Les propositions pour la presse écrite : réforme des financements de la presse écrite en indexant les aides sur de nouveaux critères (volume du rédactionnel, nombre de journalistes, place réservée aux sujets sociétaux) fiscalité incitative pour réduire les prix et l'abonnement.
Autres propositions : création d'un statut des entreprises de presse s'apparentant à celui des fondations, attribution du statut d'entreprise aux entreprises éditrices du numérique avec toutes ses composantes, renforcement des droits des journalistes (protection des sources, reconnaissance juridique) développement des logiciels libres…
Ce court dossier a été réalisé grâce au document édité par le Groupe SRC, socialiste, radical et citoyen.

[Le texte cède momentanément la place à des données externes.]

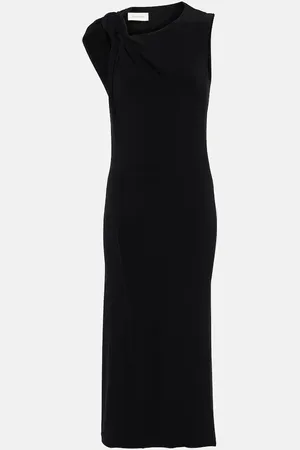 Sportmax Nuble asymmetric jersey midi dress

Après avoir lu toutes ces propositions qui seront votées et appliquées par la majorité de droite, on mesure combien le combat pour une télévision et une presse libre, indépendante, pluraliste est aujourd'hui essentiel. « La victoire » idéologique de la droite (même provisoire) a emprunté le chemin des médias aux mains des grands goupes financiers de l'armement et adeptes de la concentration maximum. Nicolas Sarkozy est un homme dangereux puisqu'il fait ce qu'il dit et qu'il avait annoncé depuis des années des projets qu'il concrétise aujourd'hui. La gauche doit s'opposer frontalement à ce projet et le faire savoir aux Français.